**Captioned web images:**

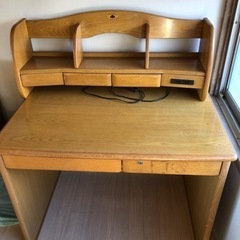 学習机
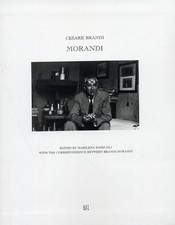 Morandi with the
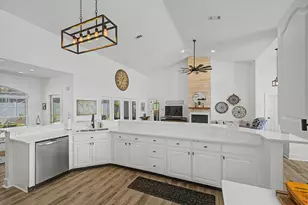 2005 Riviera Ln, Navarre, FL 32566 - Photo 28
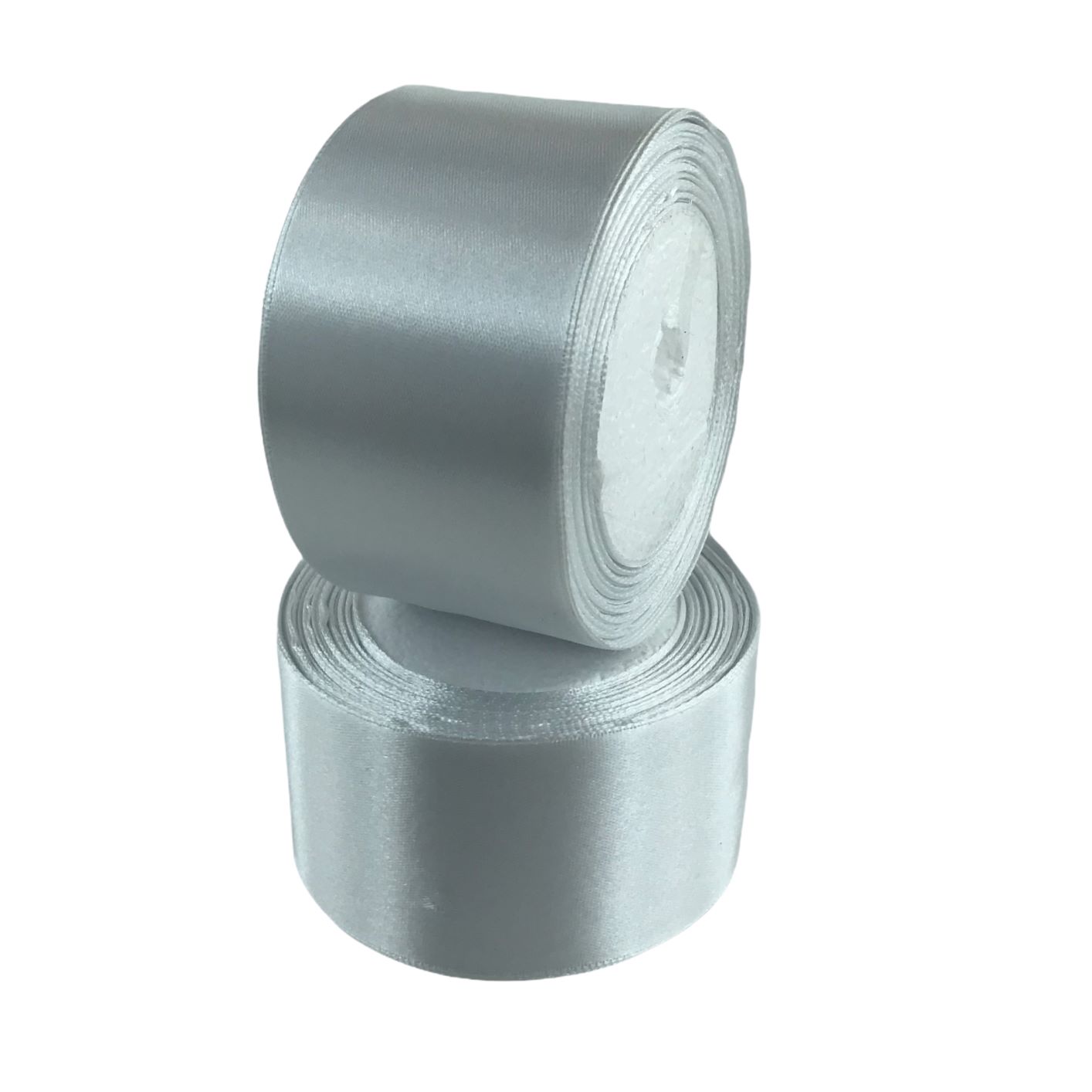 Лента атласная 23 м 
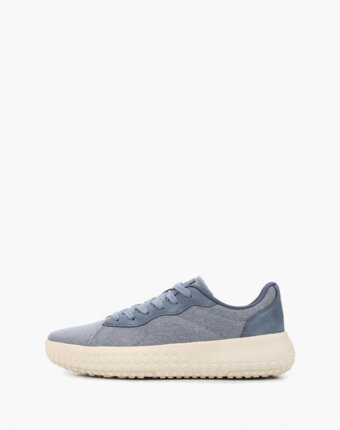 Кроссовки Safety Jogger мужчинам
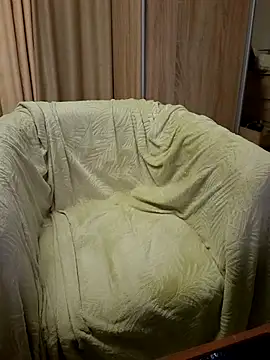 ROXOLANAA SEXY online show from 09.10.25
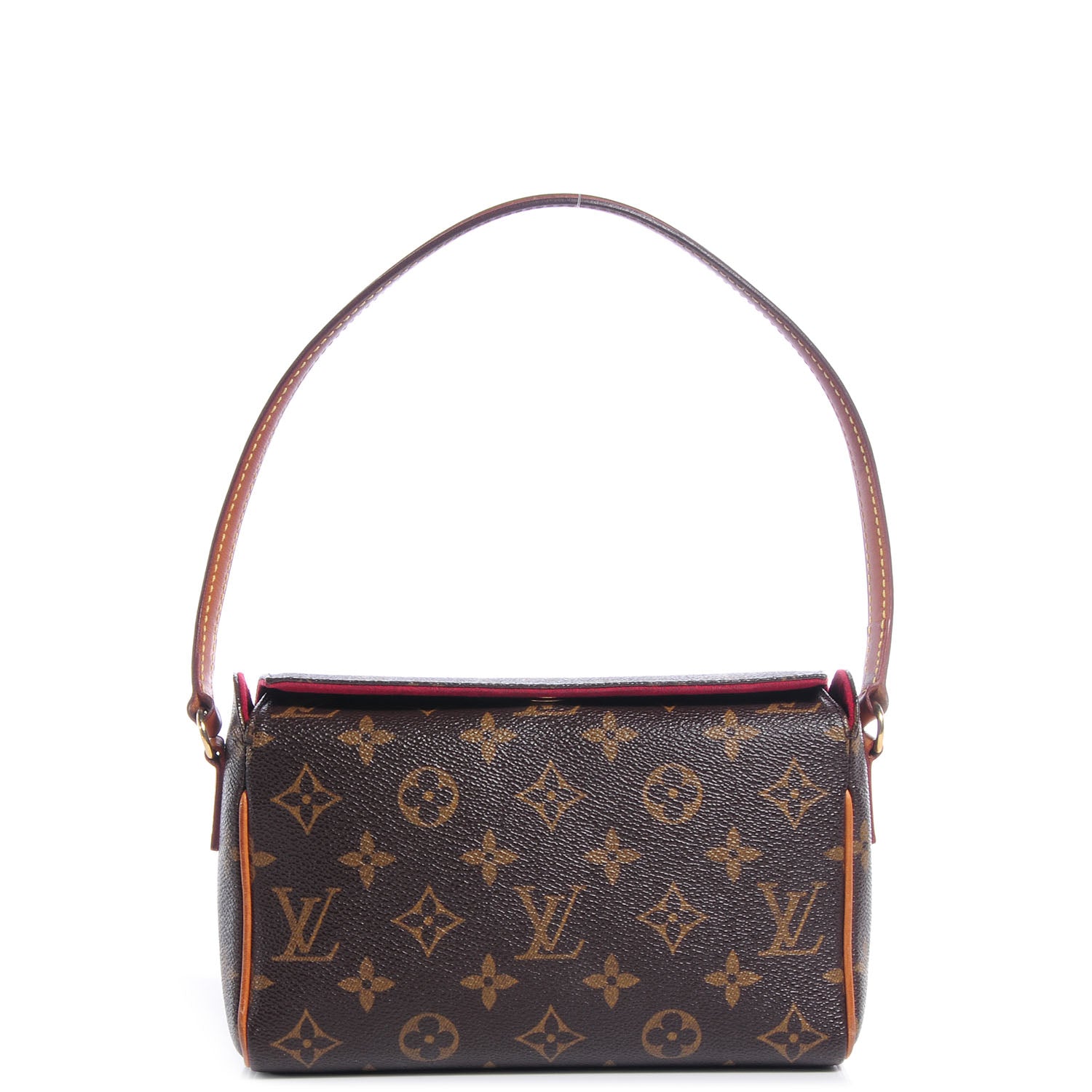 Louis Vuitton Monogram Recital 1 of 7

**About this task:**
Reproduce the data verbatim. Do not carry any picture into the copy.

**Solution to this problem:**
 学習机
 Morandi with the
 2005 Riviera Ln, Navarre, FL 32566 - Photo 28
 Лента атласная 23 м 
 Кроссовки Safety Jogger мужчинам
 ROXOLANAA SEXY online show from 09.10.25
 Louis Vuitton Monogram Recital 1 of 7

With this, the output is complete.